Your goal = Transcribe the entries below exactly; leave every image out.

════════════════

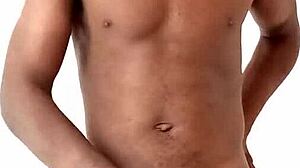 I cumshot in the club bathroom with gangbang group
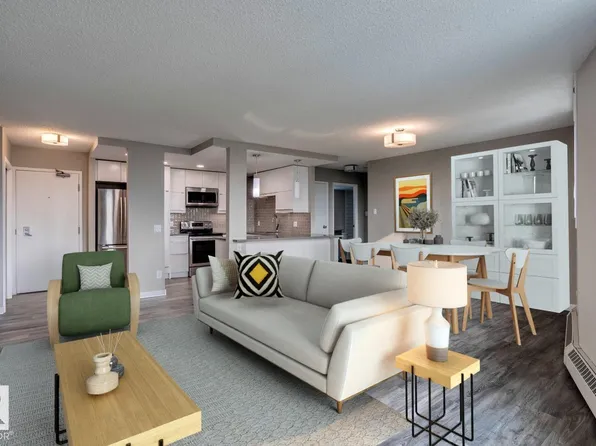 9916 113th St NW #1702, Edmonton, AB T5K 2N3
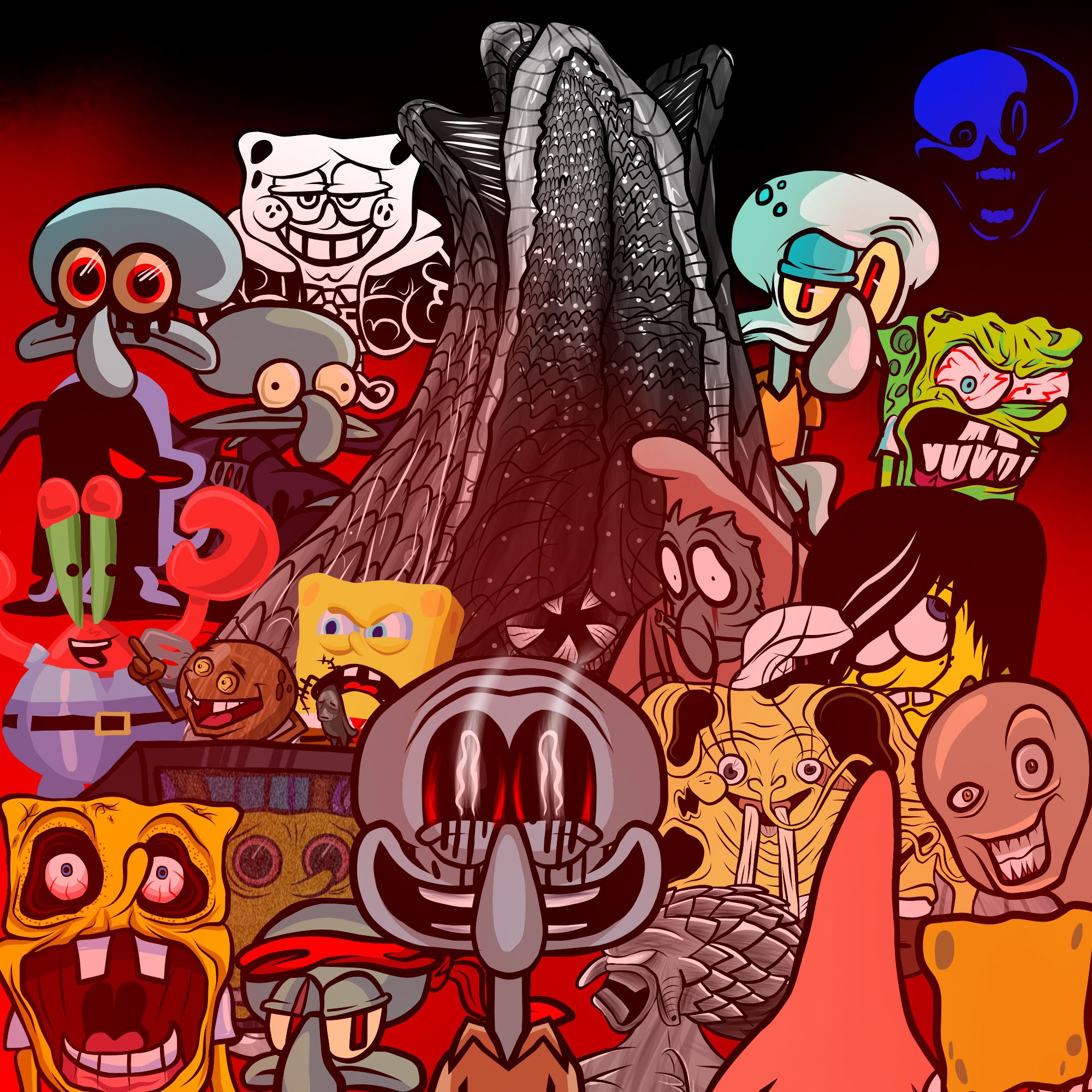 Fnf Mcm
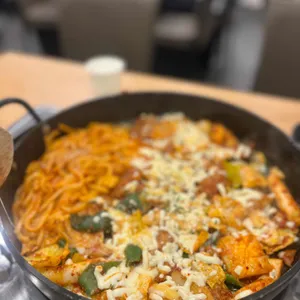 유가네닭갈비 사진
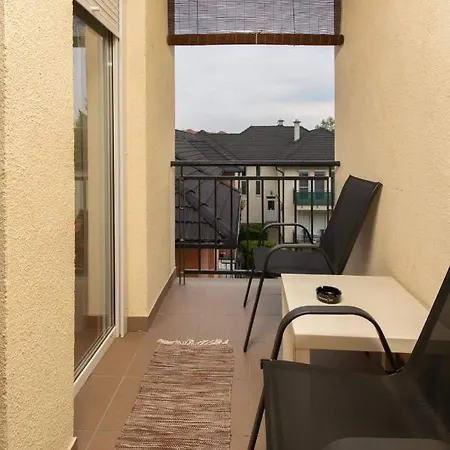 Appartement Gréta *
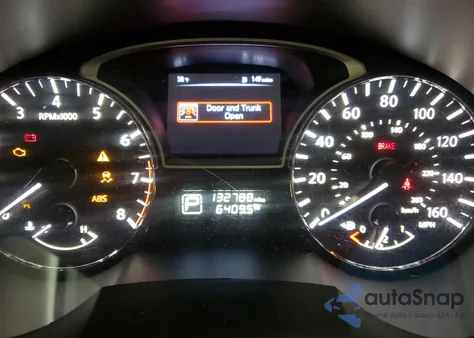 2015 Nissan Altima 2.5 from USA, damaged, VIN 1N4AL3AP5FC123606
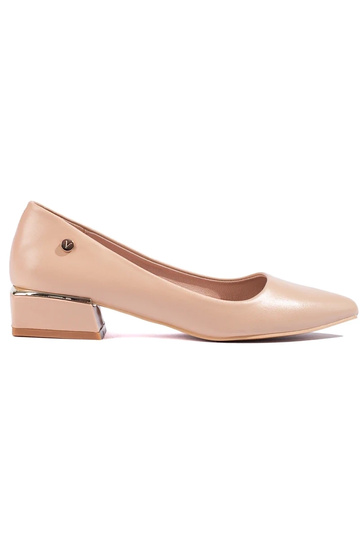 ballerine beige Vinceza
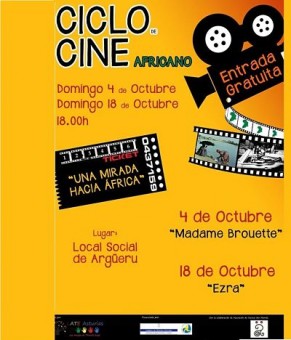 Asociación Vecinal Argüeru San Mames: Cine Africano - Sociedad y Cultura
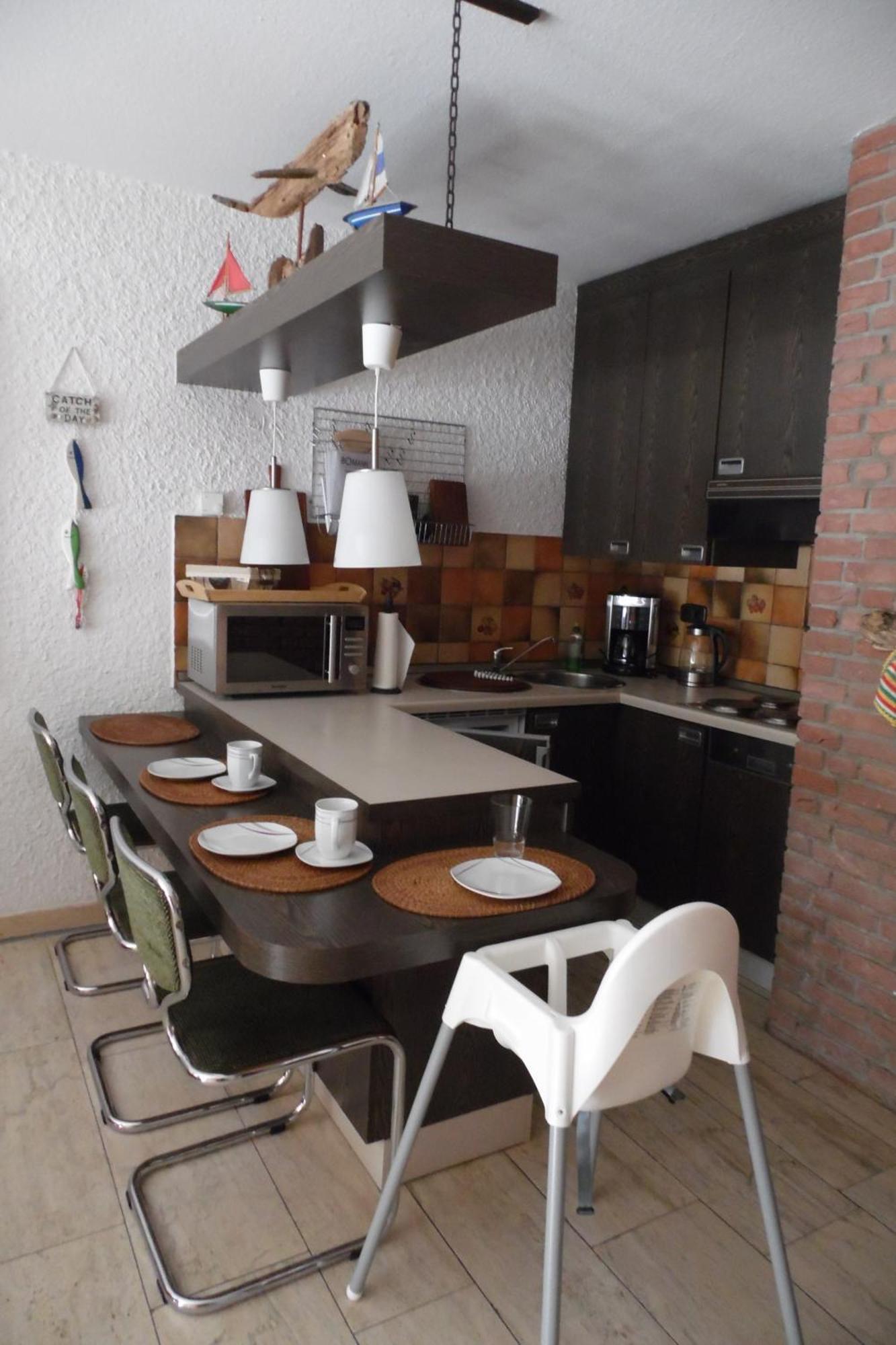 Appartement 1964 In Tossens Stick Ngoại thất bức ảnh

════════════════

Expected answer =
 I cumshot in the club bathroom with gangbang group
 9916 113th St NW #1702, Edmonton, AB T5K 2N3
 Fnf Mcm
 유가네닭갈비 사진
 Appartement Gréta *
 2015 Nissan Altima 2.5 from USA, damaged, VIN 1N4AL3AP5FC123606
 ballerine beige Vinceza
 Asociación Vecinal Argüeru San Mames: Cine Africano - Sociedad y Cultura
 Appartement 1964 In Tossens Stick Ngoại thất bức ảnh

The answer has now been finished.